Aujourd’hui, les affaires mettant en cause un usage illégal de la force n’aboutissent que rarement à des condamnations. Comme le précise la recommandation malaisienne, il est absolument nécessaire que les agents coupables d’actes illégaux répondent de leurs actes devant la justice afin de mettre un terme à cette impunité grandissante.
« Mettre en place une formation continue sur la gestion des foules respectant les libertés d’expression et de rassemblement »
➡️ Au-delà même de la mise en place d’une formation continue sur la gestion des foules recommandée par la Slovénie, il est absolument nécessaire que les seuls corps mobilisés pour intervenir lors des manifestations soient des corps formés et spécialisés dans la gestion des foules et le maintien de l’ordre.

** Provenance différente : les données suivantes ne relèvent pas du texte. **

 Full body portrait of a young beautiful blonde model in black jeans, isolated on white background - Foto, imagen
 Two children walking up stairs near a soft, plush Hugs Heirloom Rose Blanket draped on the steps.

Or, en l’espèce, les brigades anti-criminalité (BAC) ou brigades de répression de l’action violente (BRAV) que l’on retrouve bien souvent mobilisés sur ce genre d’évènements ne sont pas formées pour cette matière. Ces corps ne sont pas ou peu formés à l’usage d’armes spécifiques au maintien de l’ordre telles que les grenades. Des armes extrêmement dangereuses qui, mal utilisées, peuvent commettre des dommages corporels et psychiques irréparables. Il est donc absolument nécessaire de s’assurer de la parfaite connaissance des doctrines d’utilisation des armes de chaque agent intervenant en contexte de manifestation.
➡️ Enfin, comme le recommande l’Égypte notamment, les forces de l’ordre devraient être sensibilisées aux questions afférant aux droits humains et notamment à l’adéquation des pratiques policières et du respect des libertés fondamentales.